But, honestly, whenever i see a awk|grep|cut i know there is something deeply amiss. All that grepping and cutting can be done inside awk, but i do not now what your exact df-output is, so it is hard to suggest what the awk-line should exactly look like.
Furthermore, this:
if [[ $archive_capacity > 60% ]]
cannot work: the ">" operator of the test -utility is not understood by all versions of test but even the ones that do only compare integers and "60%" is not an integer - it is a string. You should get rid of the "%" sign when you create the $archive_capacity content and then do like:
if [[ $archive_capacity -gt 60 ]]
first, this is an integer operation and second "-gt" (greater than) is an operator every test will understand.
@bakunin, the [[ ]] compound is not the test command. (But the [ command (that needs ] as its last argument) is test .)
If the shell understands the [[ ]] then it should also understand its > operator: a string comparison.

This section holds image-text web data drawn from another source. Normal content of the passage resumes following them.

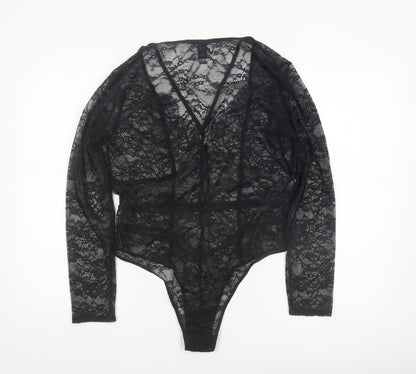 Victoria's Secret Women's Black Lace Long Sleeve Bodysuit XL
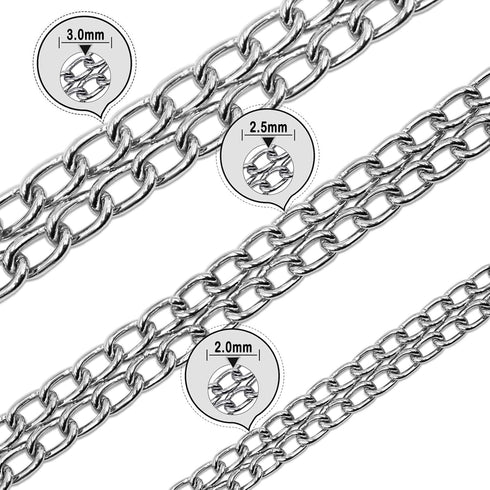 LOS ANDES Dog Chain Collar, Metal Martingale No Pull Slip Collar for Large Small Medium Dogs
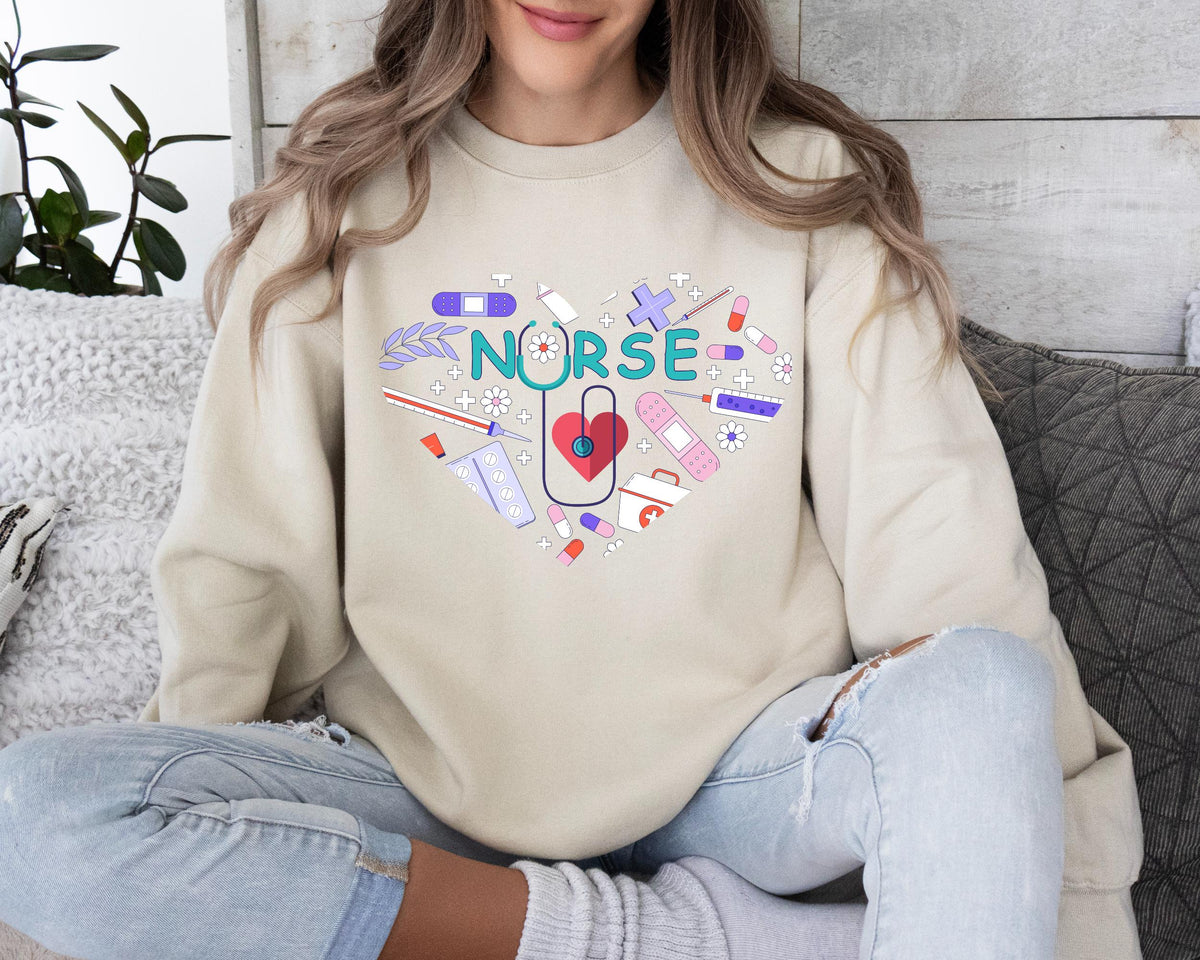 Love Nurse Sweater, Love CNA Sweater, Nurse Tees, Nurse Valentines Day Sweater, Nurse Appreciation Gift, Nurse Gift Idea, Nurses Week Gift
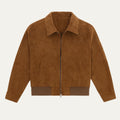 Brown suede men's zip-up jacket with point collar, front zipper, and flap pockets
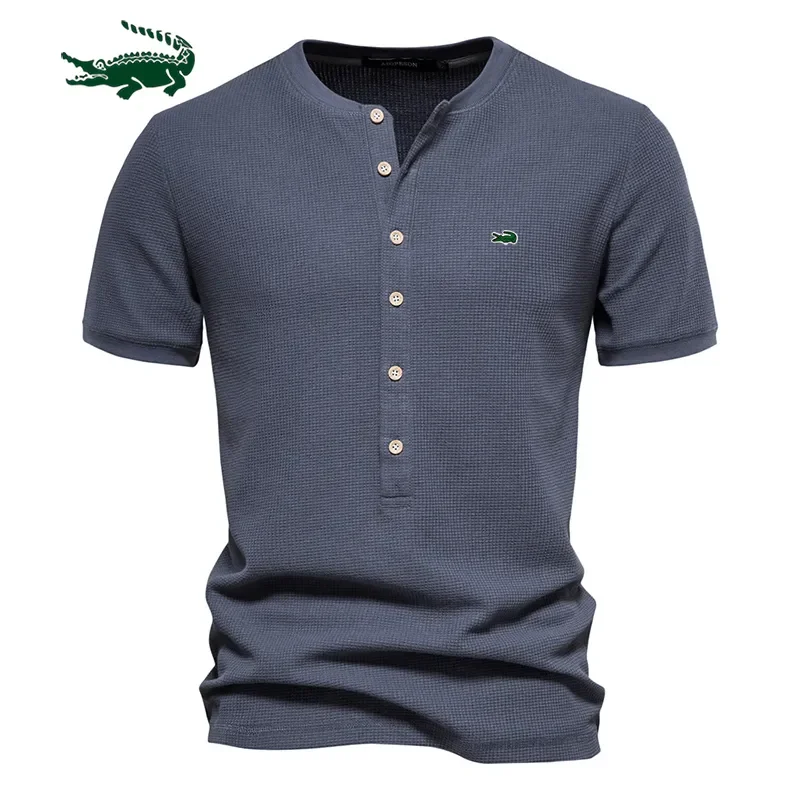 

Cotton Waffle Henley T-Shirt for Men Solid Color Embroidery Casual Short Sleeve Men's T-shirt New Summer Designer Tops Tee Male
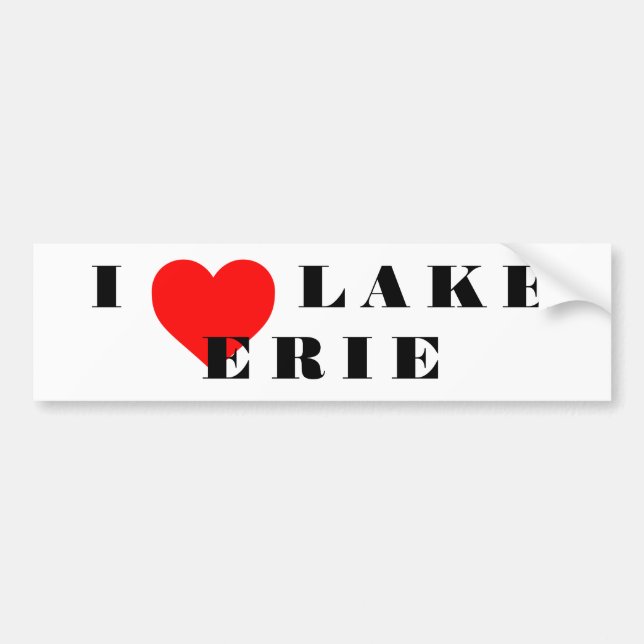 Autocollant De Voiture I heart Lake Erie (Devant)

And here is the problem: [[ 70% > 60% ]] is true but [[ 100% > 60% ]] is false.
While the -gt operator does a number comparison.
A quick-and-dirty trick is to foster a cast to a number:
This is right and i am well aware of the difference between [[...]] (built-in) and [...] ( /bin/test ). Still, the built-in was made to work like (or, at the very least, "similar to") the original test-command and in this specific case there should be no difference. I should have made that thought process clearer, though.
Exactly. Which is why i suggested to get rid of the percent-symbol so that the shell deals with integers instead of strings.
Could I chip in that I prefer to add the -P flag to df in case there are long device or filesystem names that cause the output to split the output on to separate lines.